Heather Mac Donald on the obvious-but-seemingly-unthinkable:

Since the World Scrabble Championship began in 1991, all winners have been male. The North American Scrabble Championship has had one female winner (in 1987) since its founding in 1978. All eight finalists in this year’s French World Scrabble Championships were men. Competitive Scrabble constitutes a natural experiment for testing the feminist worldview. According to feminist dogma, males and females are identical in their aptitudes and interests. If men dominate certain data-based, abstract fields like engineering, physics and math, that imbalance must, by definition, be the result of sexism—whether a patriarchal culture that discourages girls from math or implicit bias in the hiring process.

But there are no cultural expectations that discourage females from memorising dictionaries—a typical strategy of competitive Scrabble players, often in a foreign language that the player doesn’t speak. Girls are as free as boys to lap up vocabulary. Nor are there misogynist gatekeepers to keep females out of Scrabble play; the game, usually first learned at home, is open to all. According to Hasbro, 83% of recreational Scrabble players 25 to 54 are female.

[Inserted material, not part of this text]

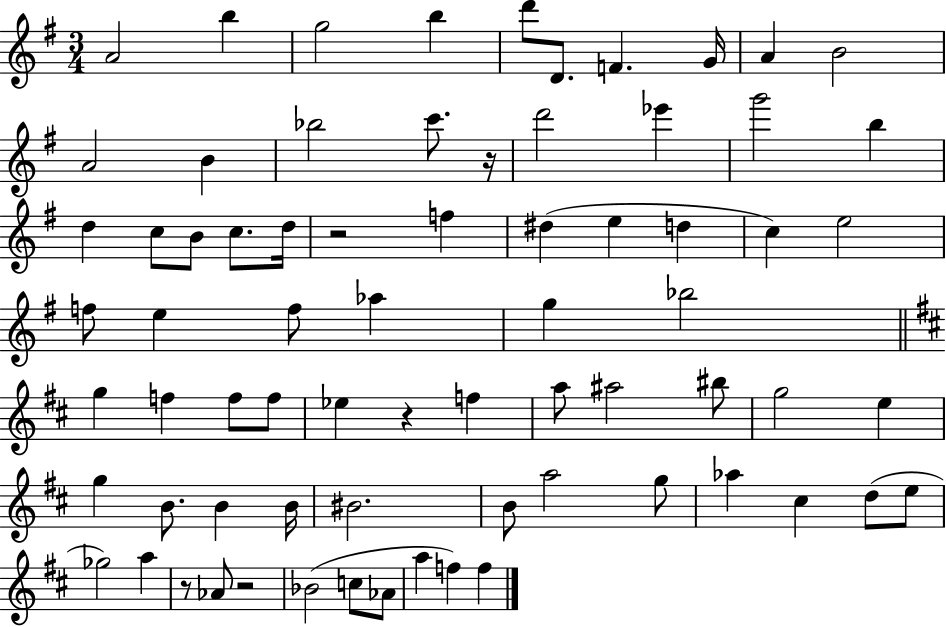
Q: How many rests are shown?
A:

Championship Scrabble, however, rewards typically male obsessions: strategy, math, a passion for competition, and a drive to memorise facts. [World Scrabble Champion, Nigel] Richards’s mother told the Guardian in 2015 that he “related everything to numbers” when he was growing up. Feminists will need to employ circular logic to conjure forth a discriminatory barrier in Scrabble: Males’ excellence at a certain activity itself keeps females out. But that leaves unanswered the question of how males came to excel at Scrabble—or any other abstract, competitive activity—in the first place.

Also this:

Like competitive Scrabble, Wikipedia has no gatekeepers. Anyone can compose or edit an entry; participation is largely anonymous. There are no centuries-old Wiki traditions shoring up male Wiki dominance. Yet only 13% of Wikipedia editors are female, according to the Wikimedia Foundation, even though no one would know the sex of a female editor to be able to discriminate against her. Entries for typically “female” subjects are skimpy compared with typically “male” ones. The implication is unavoidable: Females aren’t as obsessively driven as males to nail down facts, correct errors, and dominate a field.

We’ve been here before, of course. And doubtless we’ll be here again, due to Yale sociology professors and New York Times columnists being ideologically confounded by the fact that men and women tend to differ in their levels of enthusiasm for pop-cultural trivia.